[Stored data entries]
####################
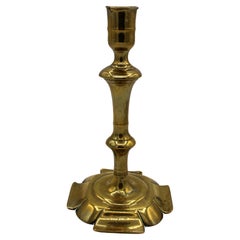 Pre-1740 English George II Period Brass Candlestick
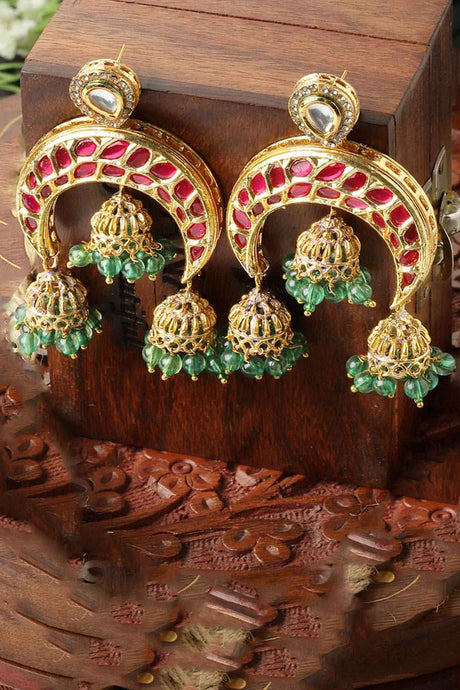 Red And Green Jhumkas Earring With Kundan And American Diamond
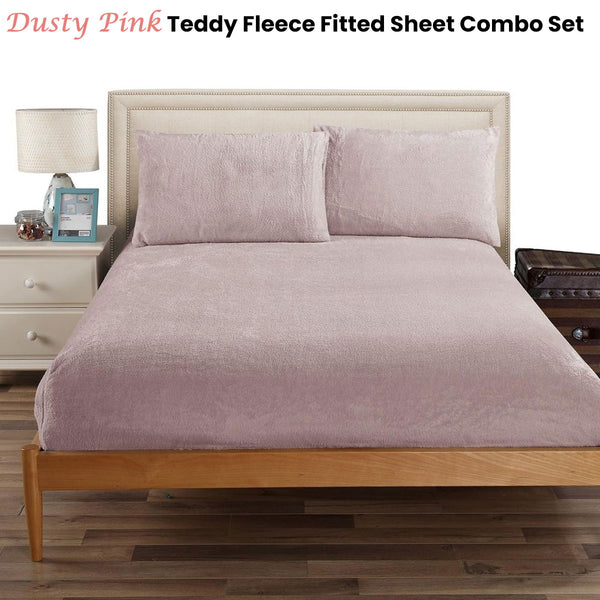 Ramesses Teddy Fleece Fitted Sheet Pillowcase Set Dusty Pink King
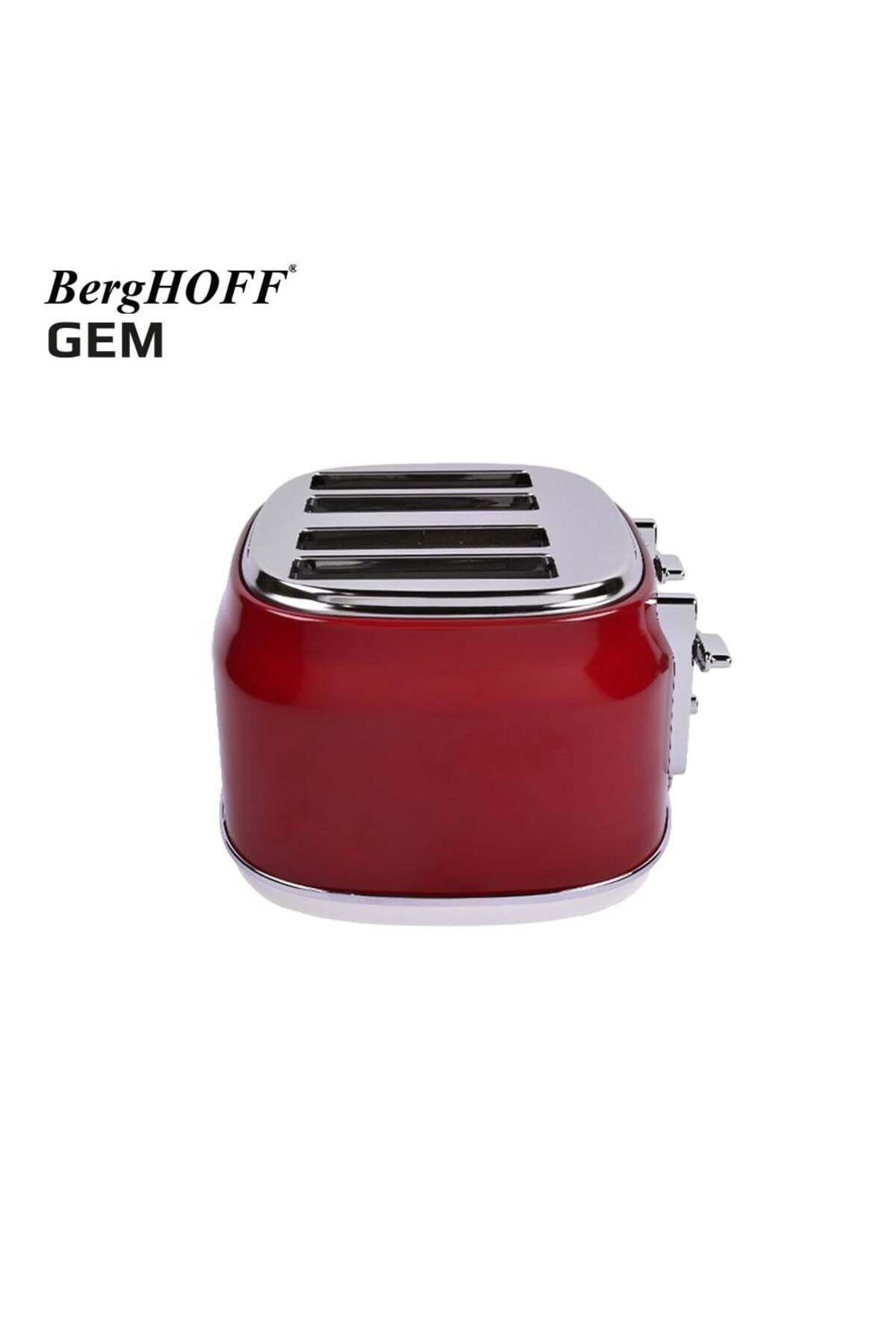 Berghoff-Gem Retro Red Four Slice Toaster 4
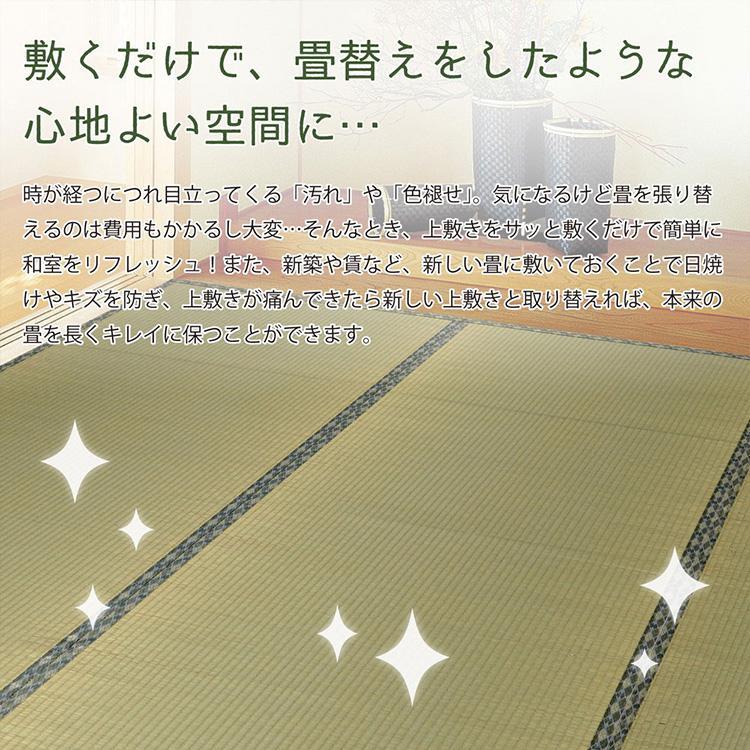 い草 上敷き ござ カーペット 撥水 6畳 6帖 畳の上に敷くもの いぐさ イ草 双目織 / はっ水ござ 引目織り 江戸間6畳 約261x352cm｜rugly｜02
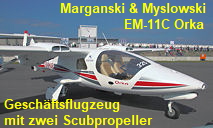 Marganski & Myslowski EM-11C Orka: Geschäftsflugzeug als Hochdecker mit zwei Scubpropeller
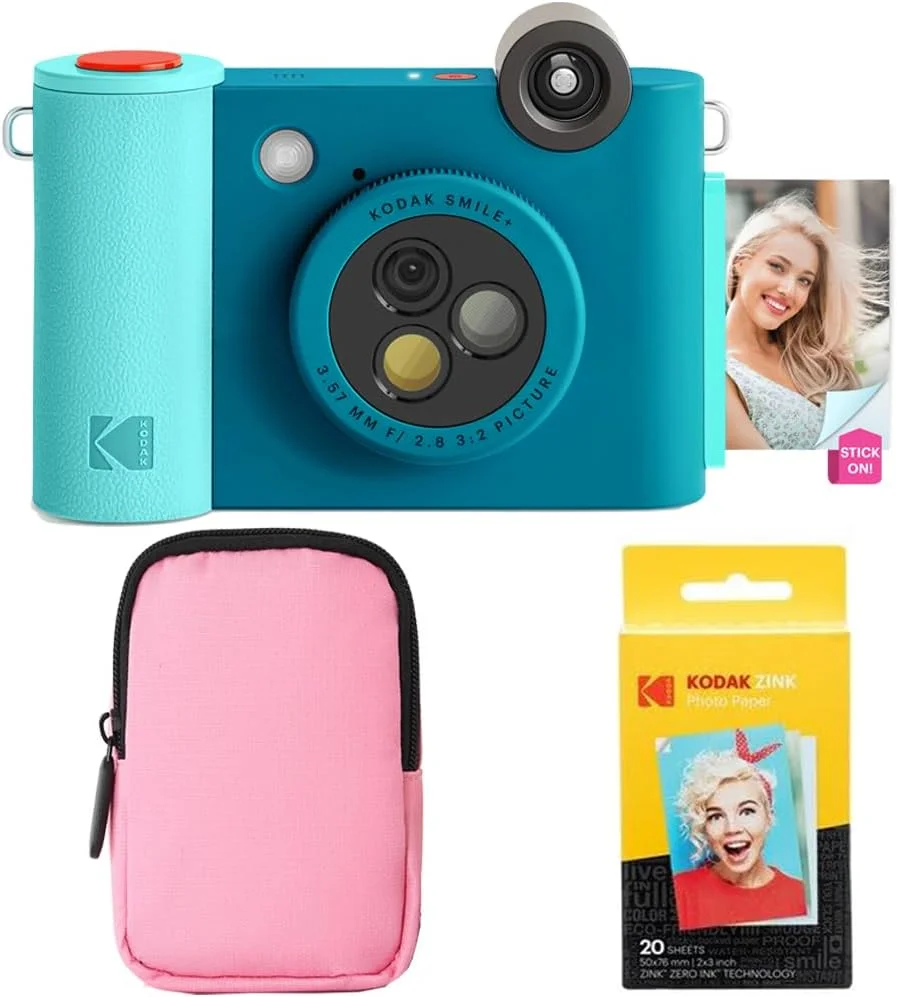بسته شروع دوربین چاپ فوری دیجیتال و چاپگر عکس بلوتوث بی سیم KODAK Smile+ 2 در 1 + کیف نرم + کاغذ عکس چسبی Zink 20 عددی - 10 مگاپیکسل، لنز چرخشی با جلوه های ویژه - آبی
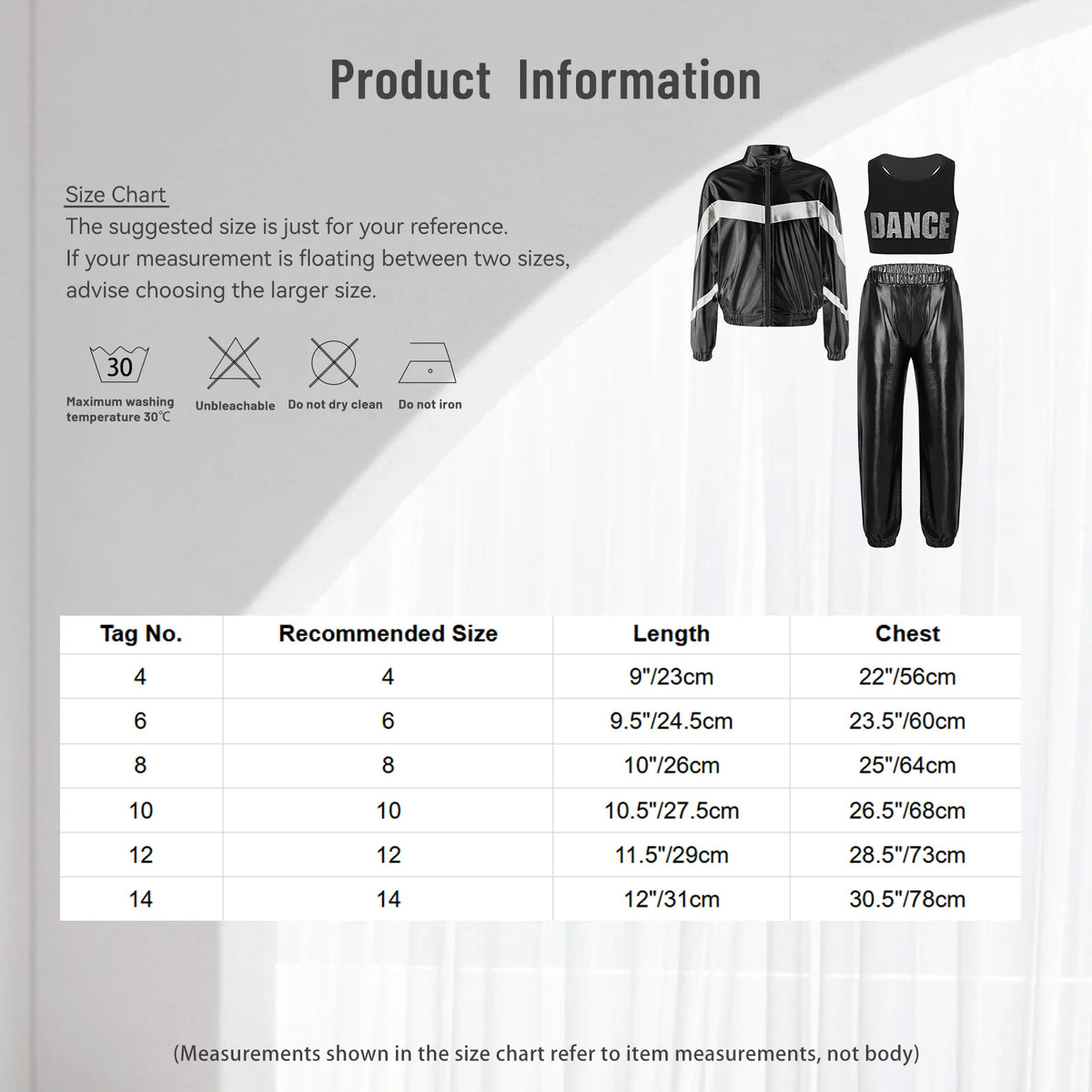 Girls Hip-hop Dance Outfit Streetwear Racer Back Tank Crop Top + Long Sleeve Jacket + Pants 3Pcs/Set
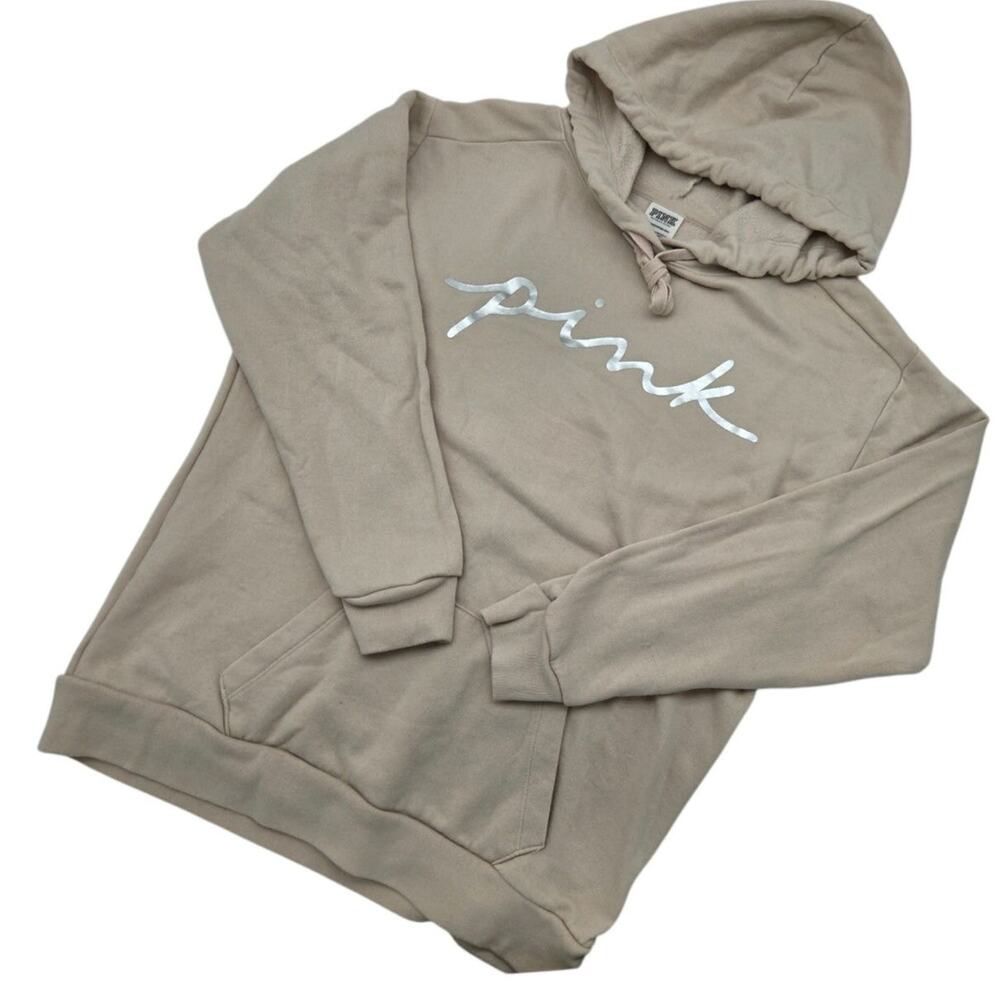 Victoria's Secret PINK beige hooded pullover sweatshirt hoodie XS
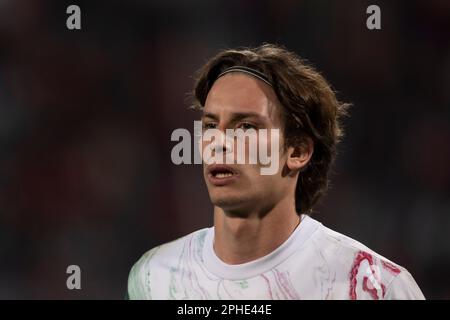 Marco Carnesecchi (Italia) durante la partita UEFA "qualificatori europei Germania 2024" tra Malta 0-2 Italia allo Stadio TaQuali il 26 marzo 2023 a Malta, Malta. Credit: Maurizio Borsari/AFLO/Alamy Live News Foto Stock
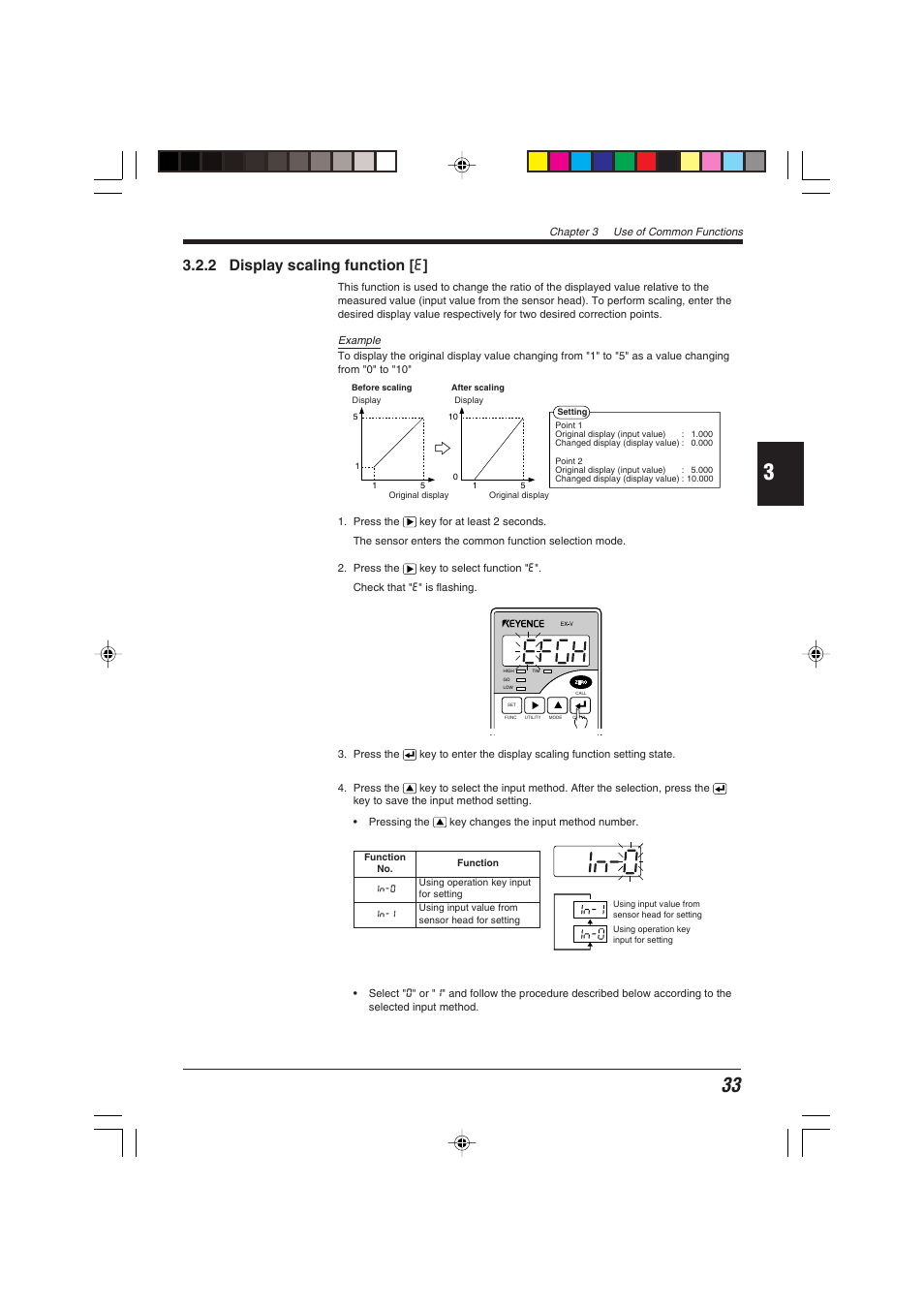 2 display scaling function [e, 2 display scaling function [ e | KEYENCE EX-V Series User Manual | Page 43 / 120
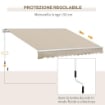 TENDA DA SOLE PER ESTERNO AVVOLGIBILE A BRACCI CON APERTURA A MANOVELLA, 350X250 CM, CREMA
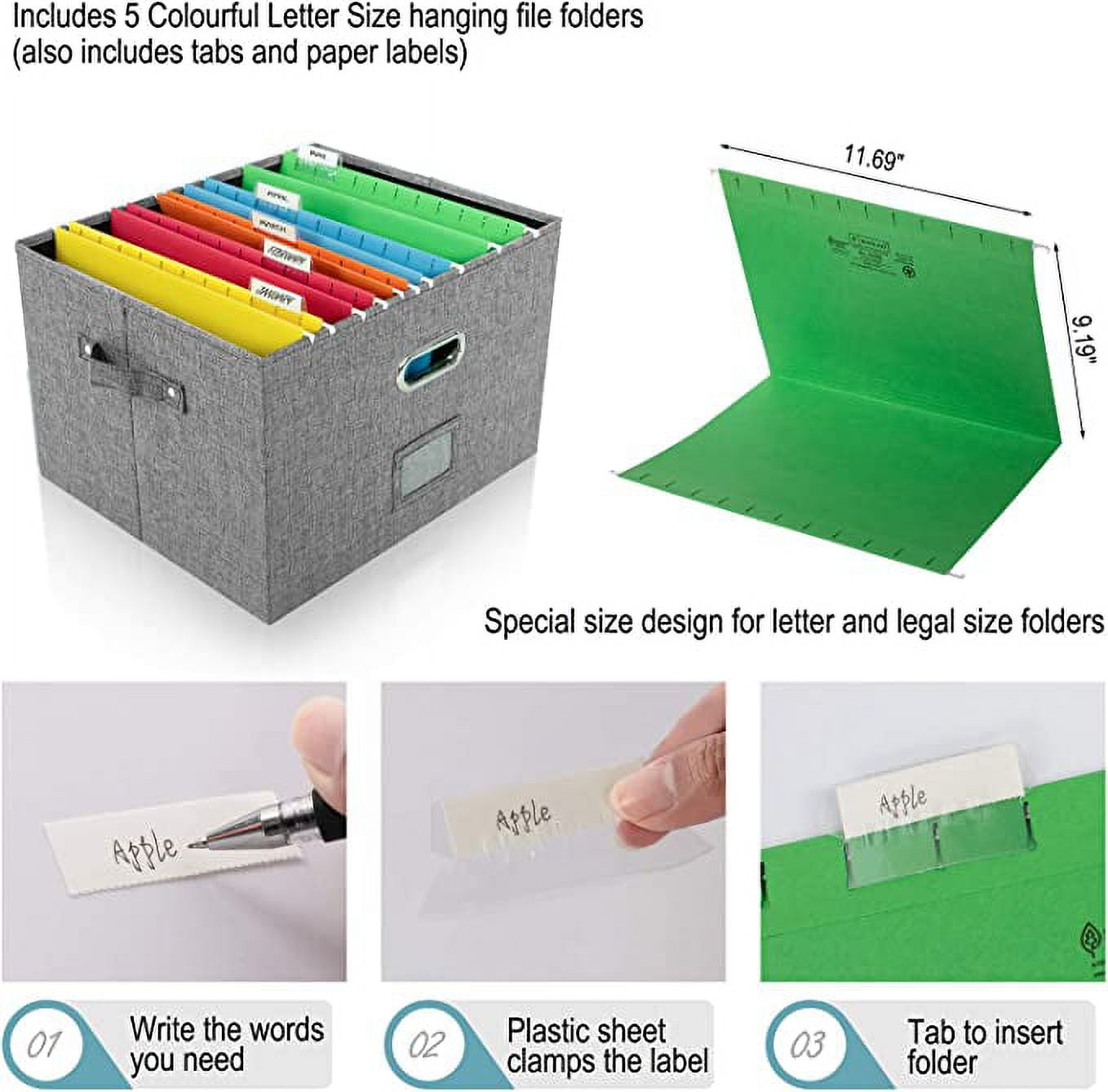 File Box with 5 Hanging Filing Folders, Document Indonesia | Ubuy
####################
• [DIRECTIONS FOR THIS TASK] From the data above, retype only the lines starting with the line with "بسته شروع دوربین" and going on through the line with "Victoria's Secret PINK", exactly, leaving out the pictures.

• [RESPONSE BOX]
بسته شروع دوربین چاپ فوری دیجیتال و چاپگر عکس بلوتوث بی سیم KODAK Smile+ 2 در 1 + کیف نرم + کاغذ عکس چسبی Zink 20 عددی - 10 مگاپیکسل، لنز چرخشی با جلوه های ویژه - آبی
 Girls Hip-hop Dance Outfit Streetwear Racer Back Tank Crop Top + Long Sleeve Jacket + Pants 3Pcs/Set
 Victoria's Secret PINK beige hooded pullover sweatshirt hoodie XS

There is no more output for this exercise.